=== The records ===

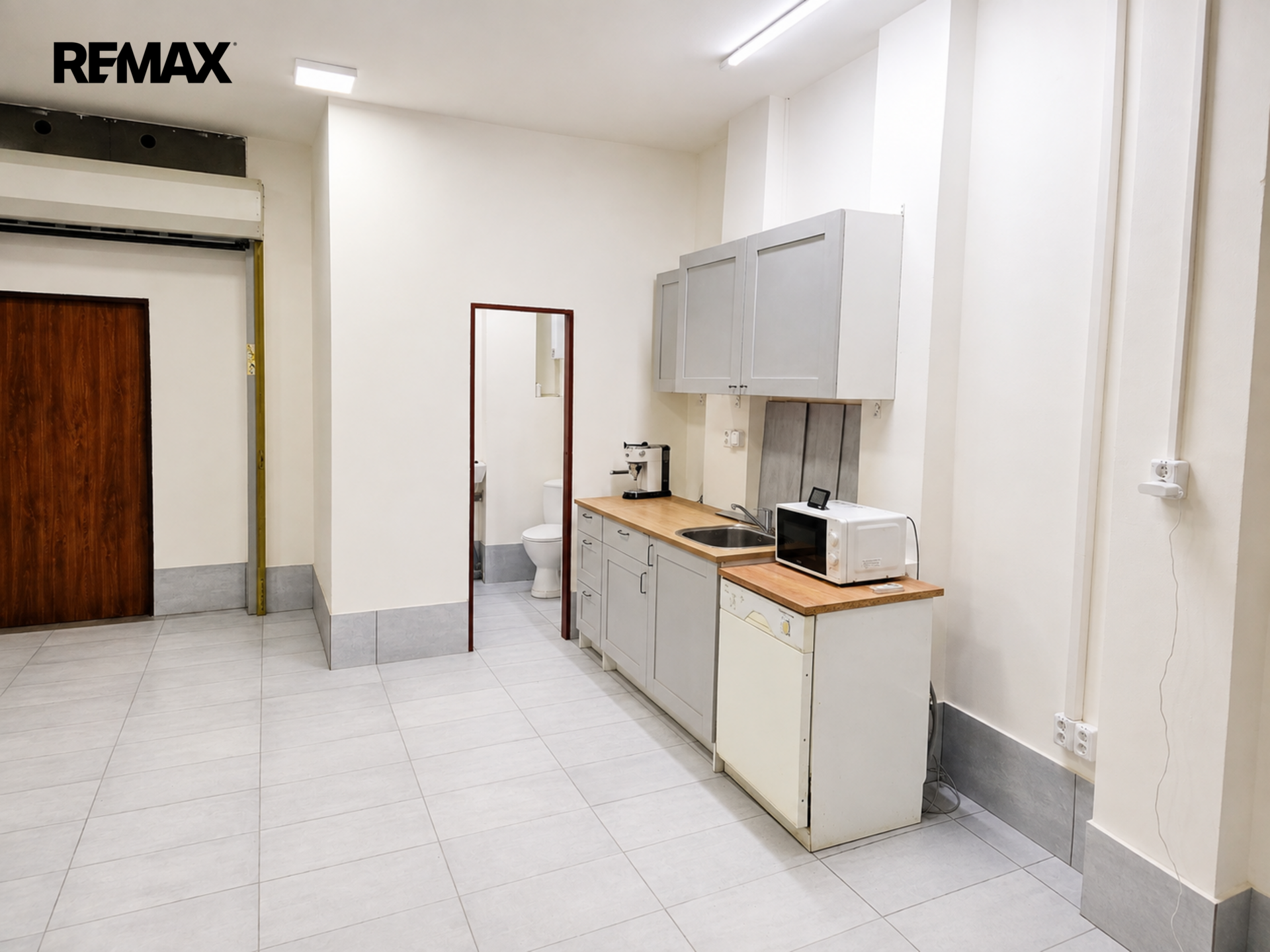 Prodej obchodního prostoru, 50 m2, Praha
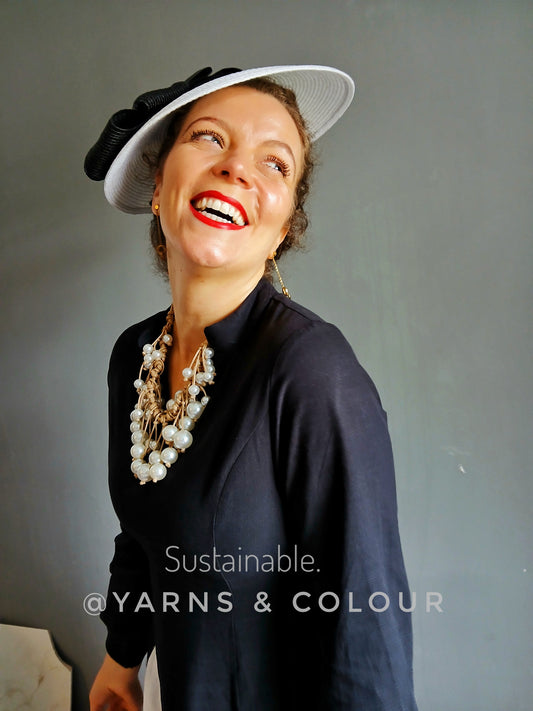 An Elegant “Saucer” Fascinator Hat By Max Alexander of Australia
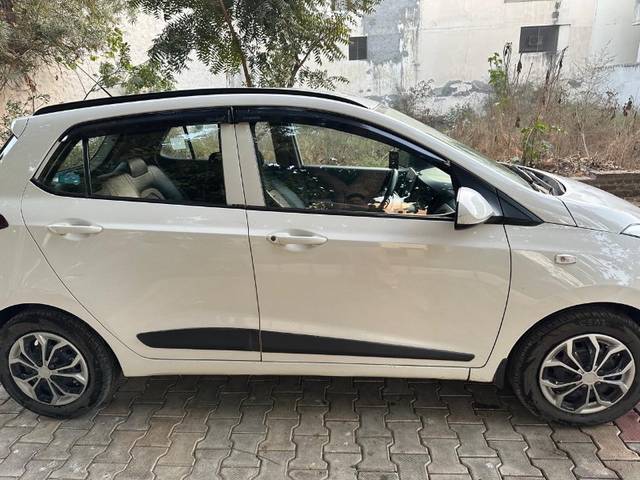 https://images10.gaadi.com/usedgaadi-sellcar/UsedCar/097f4abf-3bf1-4800-b2d0-f1d07606712c/81818f4b-a0e8-4131-967a-fa04549f40f4.jpeg?imwidth=6401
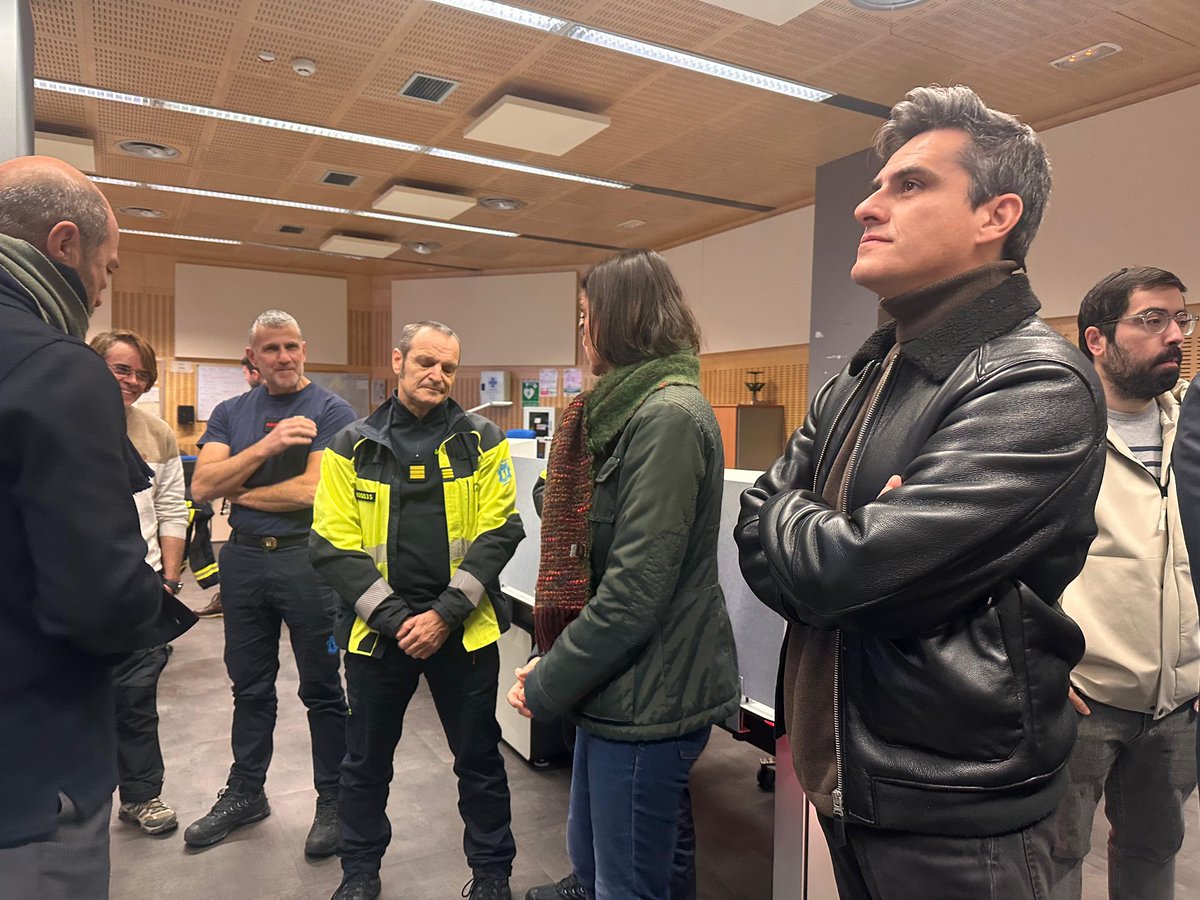 EnriqueRGH's tweet photo. Esta mañana hemos visitado el #CISEM para felicitar las #Navidades a los extraordinarios profesionales de @EmergenciasMad.
Gracias por estar en estas fiestas, y durante todo el año, siempre cerca, siempre cuidándonos. Muchas gracias!!! https://t.co/zjRYBheqG2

===

--- Prompt ---
Output exactly and only the lines from the line containing "Alexander of Australia" to the end of the entries, both included, and omit every picture.

--- Response below ---
 An Elegant “Saucer” Fascinator Hat By Max Alexander of Australia
 https://images10.gaadi.com/usedgaadi-sellcar/UsedCar/097f4abf-3bf1-4800-b2d0-f1d07606712c/81818f4b-a0e8-4131-967a-fa04549f40f4.jpeg?imwidth=6401
 EnriqueRGH's tweet photo. Esta mañana hemos visitado el #CISEM para felicitar las #Navidades a los extraordinarios profesionales de @EmergenciasMad.
Gracias por estar en estas fiestas, y durante todo el año, siempre cerca, siempre cuidándonos. Muchas gracias!!! https://t.co/zjRYBheqG2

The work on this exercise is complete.